Add WordMatch + WordNoMatch descriptor

evidentlyai / evidently

Evidently is an open-source ML and LLM observability framework. Evaluate, test, and monitor any AI-powered system or data pipeline. From tabular data to Gen AI. 100+ metrics.

https://www.evidentlyai.com/evidently-oss

Apache License 2.0

5.44k stars 602 forks source link

Add WordMatch + WordNoMatch descriptor #1334

Closed jon-bown closed 1 month ago

jon-bown commented 1 month ago

Implement WordMatch, WordNoMatch, descriptor + feature and associated unit tests.

Resolves issue #1308 Resolves issue #1309

emeli-dral commented 1 month ago

Hi @jon-bown , This one looks good as well!

Could you please double check your src/evidently/features/_registry.py? It looks like paths to feature classes are invalid.

jon-bown commented 1 month ago

Hi @jon-bown , This one looks good as well!

Could you please double check your src/evidently/features/_registry.py? It looks like paths to feature classes are invalid.

Done! Also want to point out that the error you're getting with my ItemMatch PR would need to be resolved here also.

emeli-dral commented 1 month ago

Done!
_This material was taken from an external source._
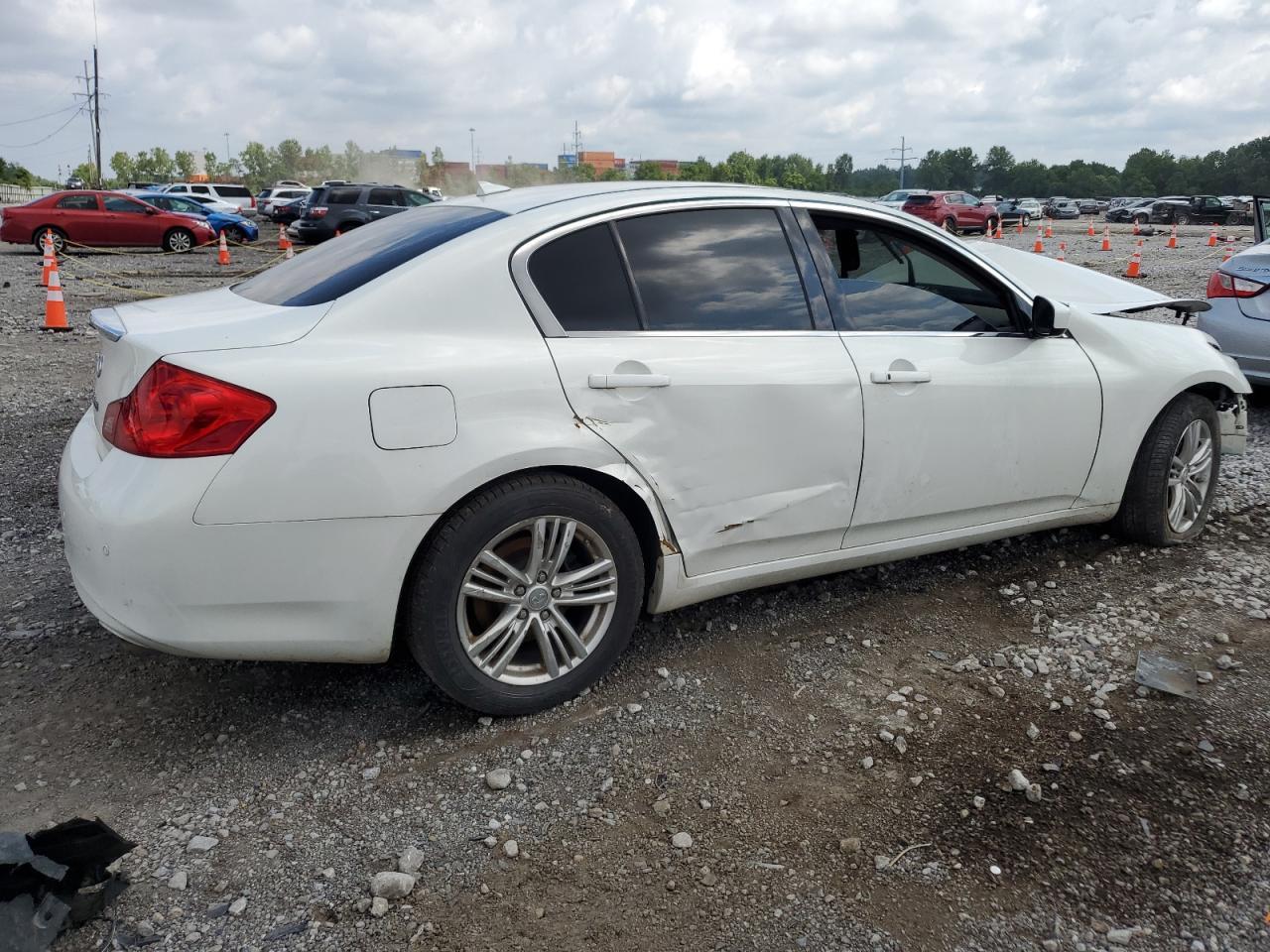 2013 Infiniti G37 - Image 3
Also want to point out that the error you're getting with my ItemMatch PR would need to be resolved here also.

Thank you for the update, fair enough! I suggest you change a list to a tuple here as well, similar to what we’ve discussed in the related issue. This should help prevent the error and maintain consistency across both implementations.

Thanks for your attention to detail! 🙏

emeli-dral commented 1 month ago

Hi @jon-bown , It looks like there’s a small issue with the Python f-string here:

File "/home/runner/work/evidently/evidently/src/evidently/features/words_feature.py", line 198
    default_display_name=f"Text contains {self.mode.split("_")[1]} defined words"

I believe the string is being parsed incorrectly due to the nested double quotes inside the f-string. To resolve this, try changing the internal double quotes to single quotes ('_').

That should fix the issue!

jon-bown commented 1 month ago

Hi @emeli-dral I believe I've fixed all the issues with this PR. Can you let me know if anything else needs to change? Thanks!

emeli-dral commented 1 month ago

Hi @jon-bown, I had a chance to review your repo, and I really like how the descriptor is working—great job! However, I would like to request one more small change, apologies for the extra ask!

To keep things consistent and avoid potential confusion for users, I’d suggest making the WordMatch descriptor work directly with tuples, just like the ItemMatch descriptor. Having one descriptor use tuples and another use lists might be a bit unclear.

In the future, we plan to support lists as an input type in a more centralized way, and we’ll introduce list support across all relevant descriptors then.

Thanks again for your hard work!

jon-bown commented 1 month ago

Hi @emeli-dral, thanks for the update! As far as I can see, this implementation matches the ItemMatch/NoMatch implementation. Is there anything in particular you can see that needs to change? In the unit tests I convert the lists to tuples before they are fed to the feature, same as the other PR so it won't work with lists inside the data frame. I will also resolve the merge conflicts in the meantime.

emeli-dral commented 1 month ago

Hi @jon-bown, You’re absolutely right, that was my mistake — thank you for pointing that out! I've merged main into your branch, and I'll proceed with the merge as soon as the tests pass.

Thanks again for your patience and your thorough work on this!